Not until women like Wanda Jackson, Brenda Lee, Janis Martin, and Lorrie Collins came along. Then, they played. They belted out blues-flavored country-rock songs, and despite the fact that their style and sass flew in the face of a postwar conservative America, they won—for a brief time, at least—the hearts of radio listeners, record labels, and tastemakers across the country. The strength of documentary filmmaker Beth Harrington’s Welcome to the Club is that it never succumbs to pandering to the insecurities of female rockers. While the women she profiles—the previously listed legendary four—faced undeniable odds, the focus of the film is not necessarily that these rock ‘n’ rollers overcame those odds, it’s that they rocked ‘n’ rolled like it was nobody’s business.

“They’re not angry, but there is a level of frustration,” says Harrington, a former member of the art-school punks Modern Lovers. “Most of them are very gracious, but, for example, I was talking with Lorrie Collins [of the preteen sensations the Collins Kids, who toured with Johnny Cash and eventually spawned the hit “Delta Dawn”] about Britney Spears. This look came over her face. . . . It was just the wrong time for her. Here’s a woman who was beautiful, talented, she had lots going for her, but the pressure of being a teenager. . . . How much control did they have over their lives anyway?

“There’s definitely part of this that I had hoped would at least get that discussion going; not to put it all at the feet of a patriarchal culture, but as women, what are we buying? And back then, what were they buying? Records by cute boys? Fabian? He stunk!” says Harrington.

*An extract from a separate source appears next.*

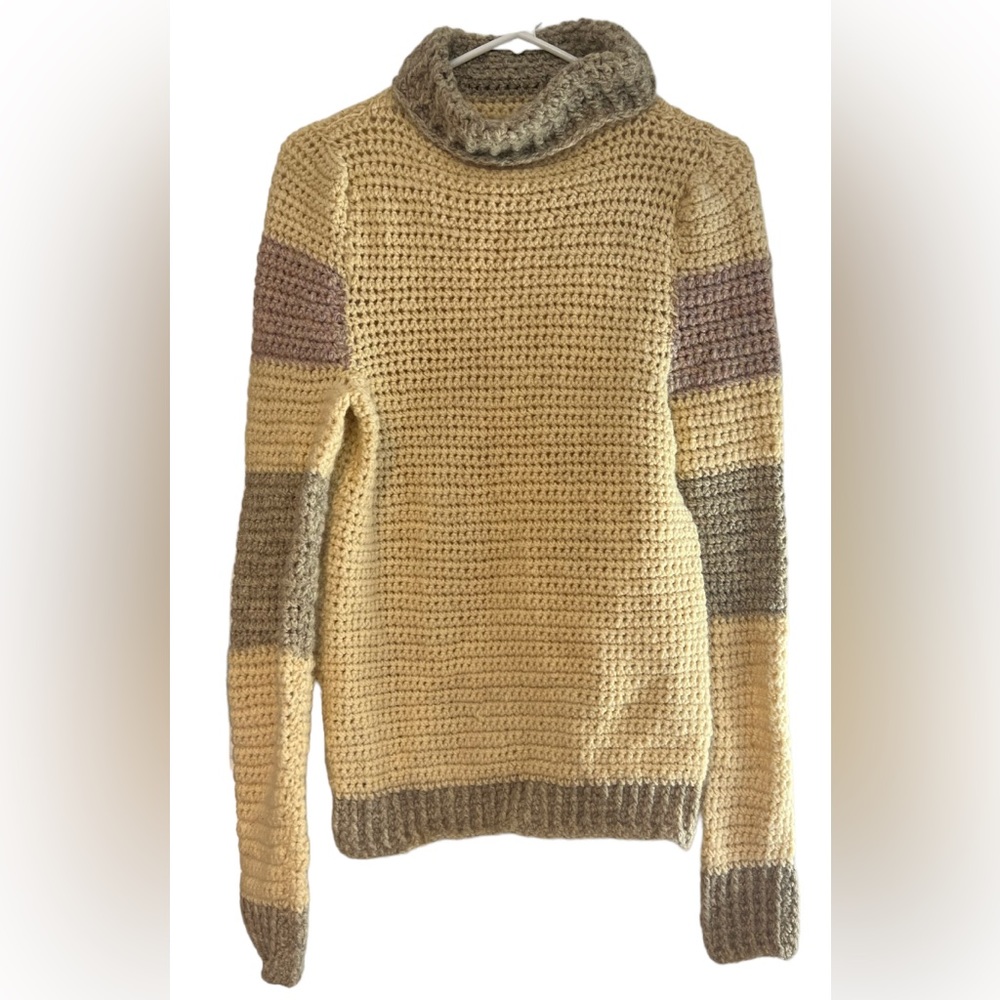 Women’s Vintage Y2K Long Sleeve Knit Crochet Turtleneck Sweater SzS/M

Harrington, like her subjects, speaks with simple truth and without pity. The tint of frustration is visible; the sadness of knowing that they paved the way but only walked it for a short time is present. And as each story unfolds, it’s clear that these women were caught inside America’s preconceived notions of their gender. One by one, as they married or became mothers, their careers were truncated by the expectations of being a woman in the ’50s. Not coincidentally, all of the women in the film have attempted to resurrect their careers in recent years. Wanda Jackson, as one example, recently rocked the pompadours and Betty Page haircuts at the Tractor. But the career misfires and eventual rebirths of these women are simply one element of the story.

Rosanne Cash narrates, and cultural anthropologist Mary Bufwack and writer Robert Oermann weigh in with the history of country music and the evolution of the genre into rockabilly and then rock ‘n’ roll. Through amazing archived live footage, Welcome to the Club demonstrates the overwhelming talent of these women and skips the preformulated, shoved-down-your-throat argument altogether. Just don’t be surprised when it gets you talking.